Visitors were treated to a behind-the-scenes view of the Waikiki Aquarium's Barrier Reef exhibit during a private tour.

The Waikiki Aquarium is a different place after doors are closed.

The crowds are gone, the place is quiet and it’s time for the ocean critters to eat.

With two new programs, the Waikiki Aquarium is now offering private after-hours tours to explore the premises behind the scenes.

The "Private Aquarium Tours," which can accommodate anywhere between 10 to 55 visitors, are led by staff members and available evenings, Monday through Friday.

Questions are encouraged during the private tours as you can wander the galleries past the jellyfish, Pacific giant clam and sharks.

Participants also get to peek at what goes on behind the glass windows, climbing up stairs to peer into tanks.
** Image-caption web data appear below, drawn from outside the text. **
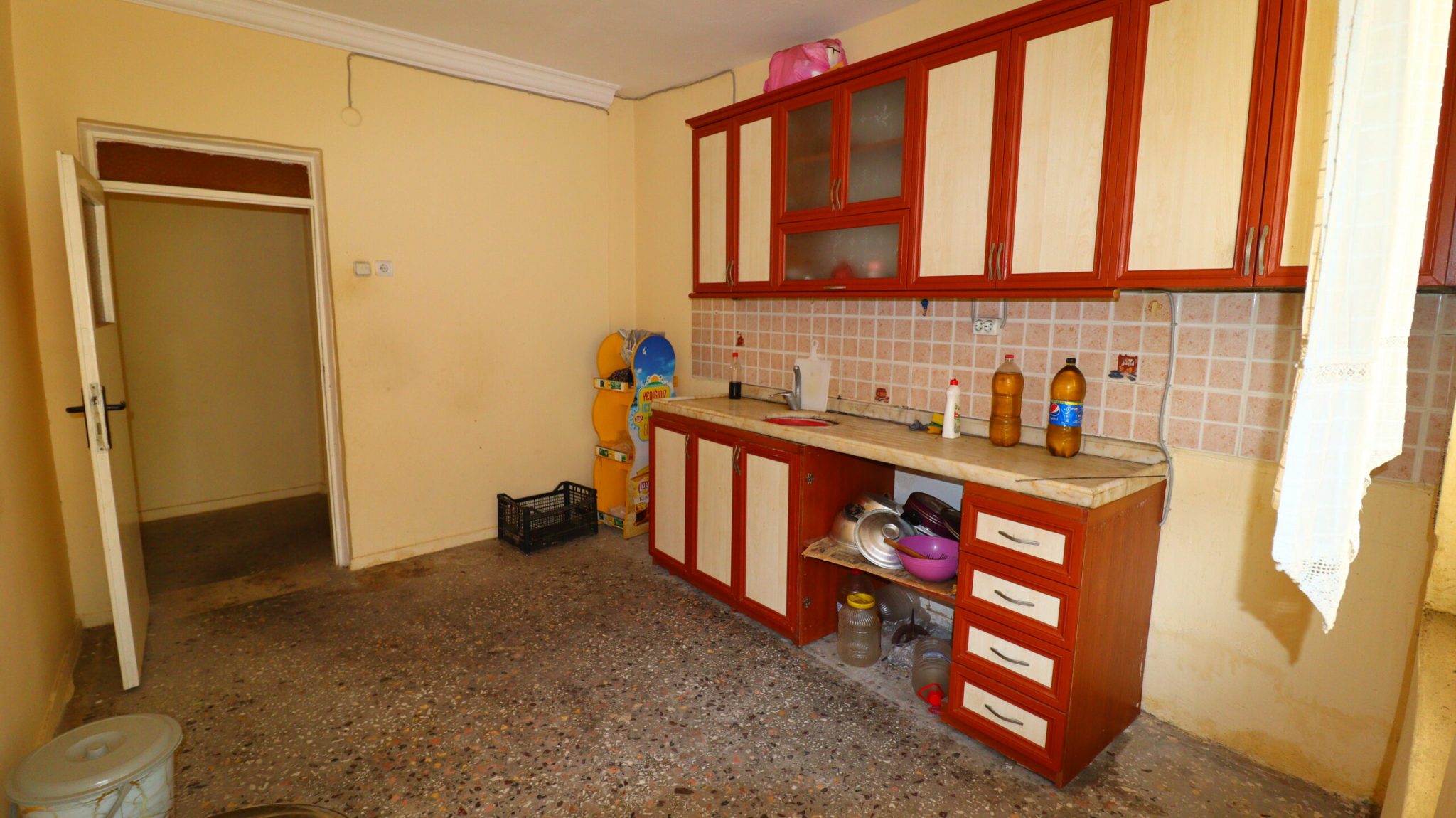 Mersin Erdemli Merkez Mahallesi Satılık Denize 100 Metre Mesafe 3+1 Daire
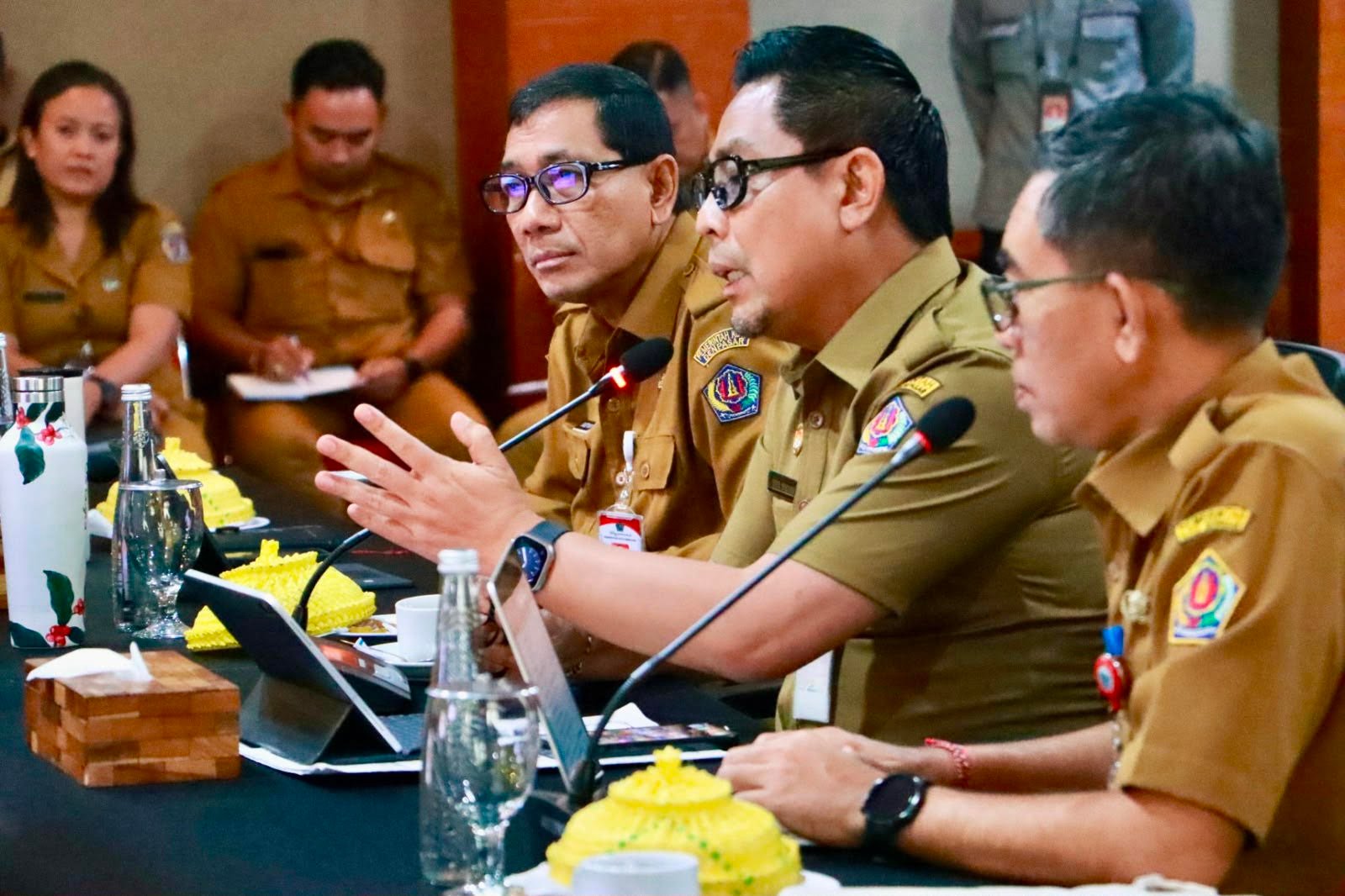 Wakil-Walikota-Denpasar-I-Kadek-Agus-Arya-Wibawa-saat-memimpin-Rapat-Koordinasi-Tim-Koordinasi-Penanggulangan-Kemiskinan-TKPK-dan-Percepatan-Perlinsos-di-Denpasar-bertempat-di-Ruang-Sewaka-Mahottama-Graha-Sewakadarma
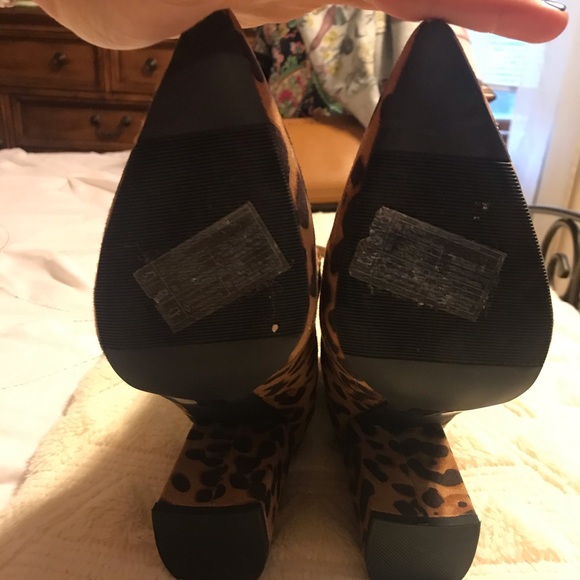 F21 Cheetah Boots - Picture 5 of 5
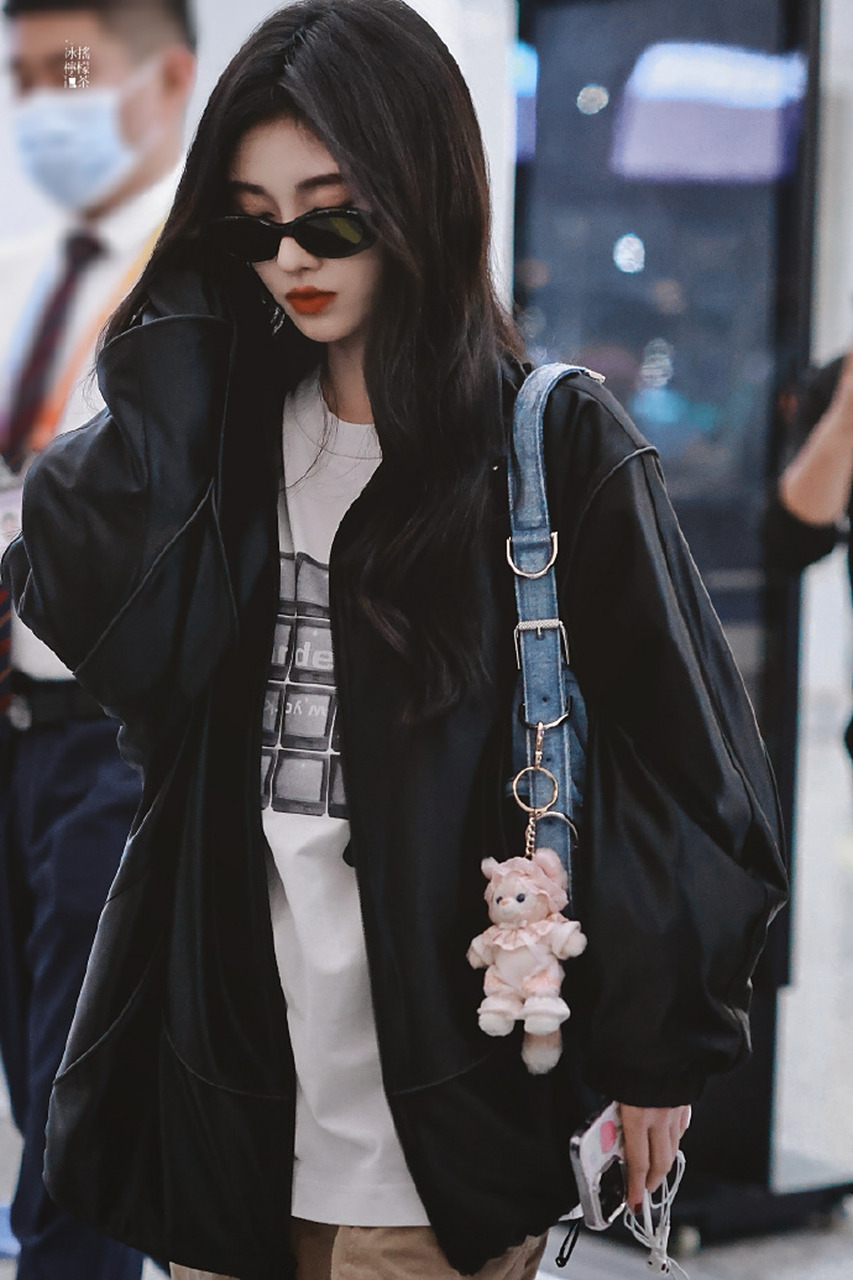 星闻#  鞠婧祎这一身黑真的好酷! 大美女名不虚传! #秋天生活图鉴
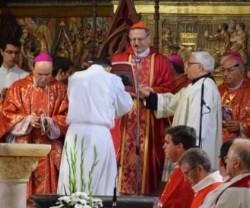 El cardenal Angelo Amato presidio la beatificación de los cinco mártires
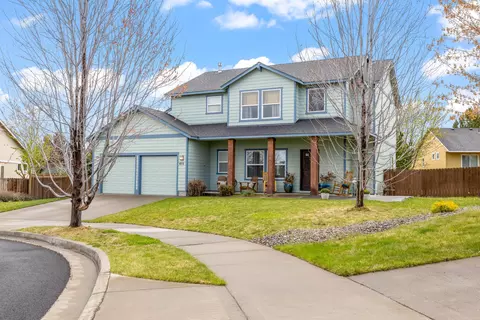 411 NE Petal Ct, Madras, OR 97741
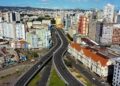 Fundada em 1772 por casais açorianos: a capital gaúcha tem o pôr do sol mais celebrado do Brasil e a rua eleita mais bonita do mundo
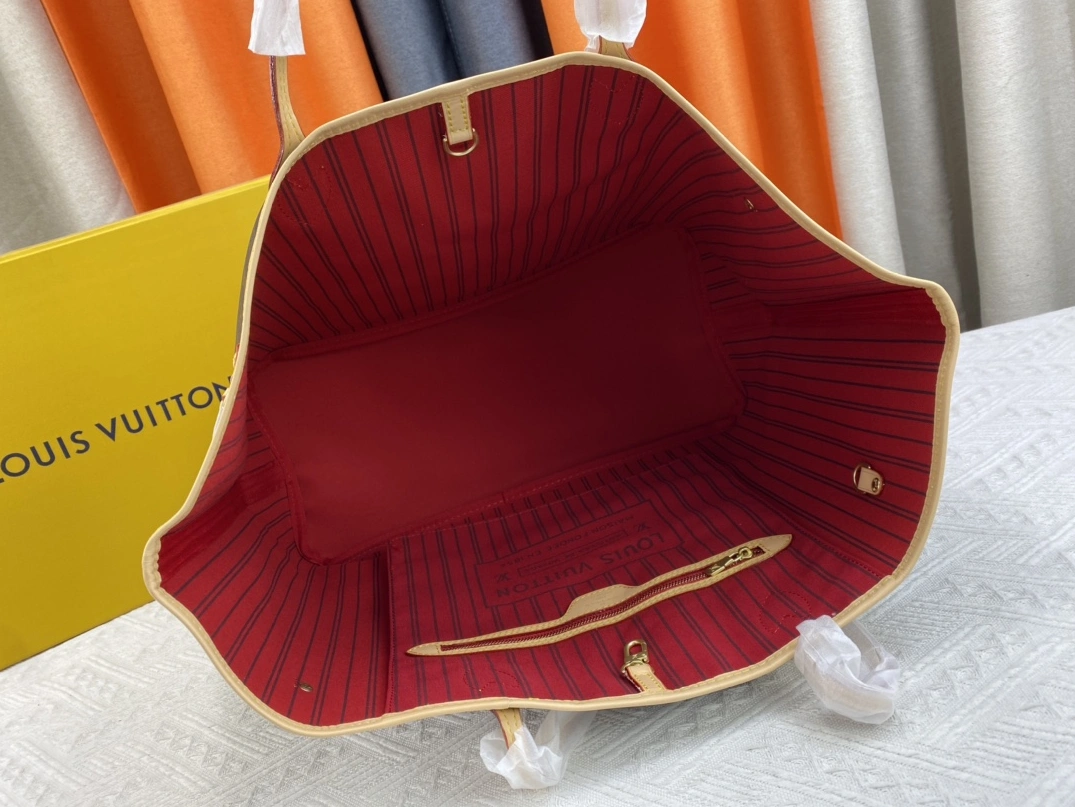 Louis Vuitton AAA Quality Shoulder Bags In Red For Women Soft 8062 - Image 7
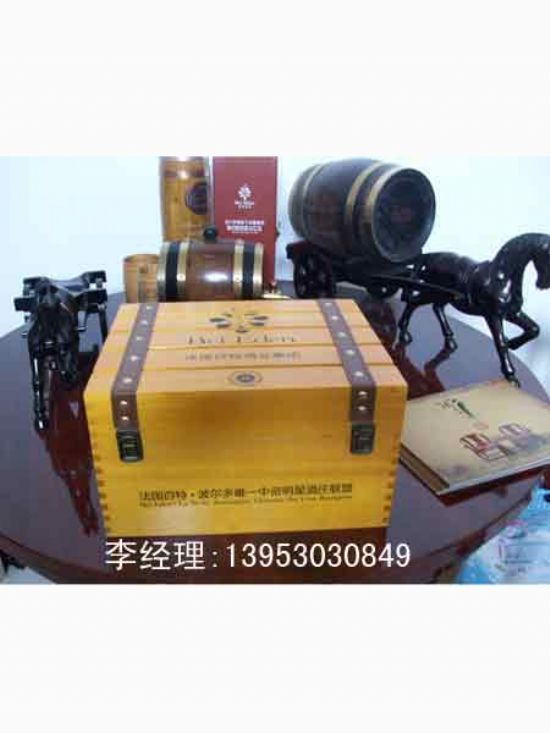 點(diǎn)擊查看詳細(xì)信息<br>標(biāo)題：紅酒木盒 閱讀次數(shù)：2274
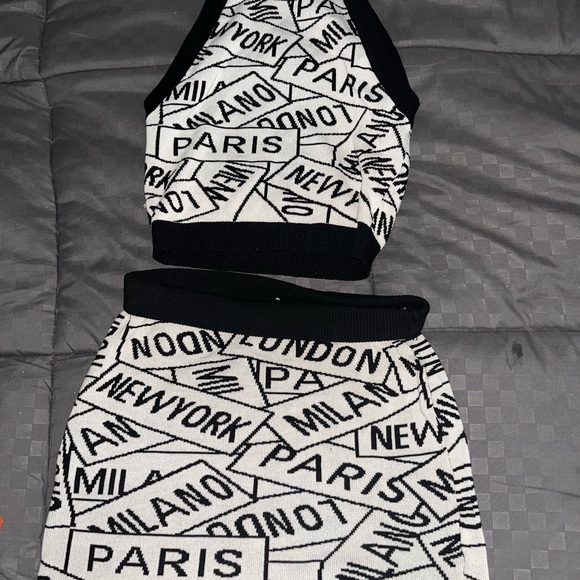 Tops - Women's White Graphic Mini Skirt And Crop Top Matching Set - Fashion Brand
From that vantage point, you can also see how pumps create a surge through the water, mimicking the ocean in the Barrier Reef display.

Check out the fish-in-waiting in quarantine tanks for a sneak preview of what’s to come.

A "Marine Munchies" tour is also available Monday evenings for groups of five to 15 people, during which you can feed some of the fish and watch an octopus opening up a jar to get to the shrimp inside.

The octopus, which in the wild is used to hunting for its food, was trained to open the glass jar as a way to keep it challenged, according to James Wood, associate director of the aquarium and co-author of "Octopus: The Ocean’s Intelligent Invertebrate."

On a recent media tour, the octopus — a Day octopus — managed to open the jar within minutes.

Watch the predator fish at the Hunters on the Reef display — including groupers, ulua and a zebra shark — get fed on the "Marine Munchies" tour.

Outdoors, you and your children can feed seaweed to reef fish at the Edge of the Reef exhibit, a 7,500-gallon exhibit that recreates a Hawaiian rocky shoreline.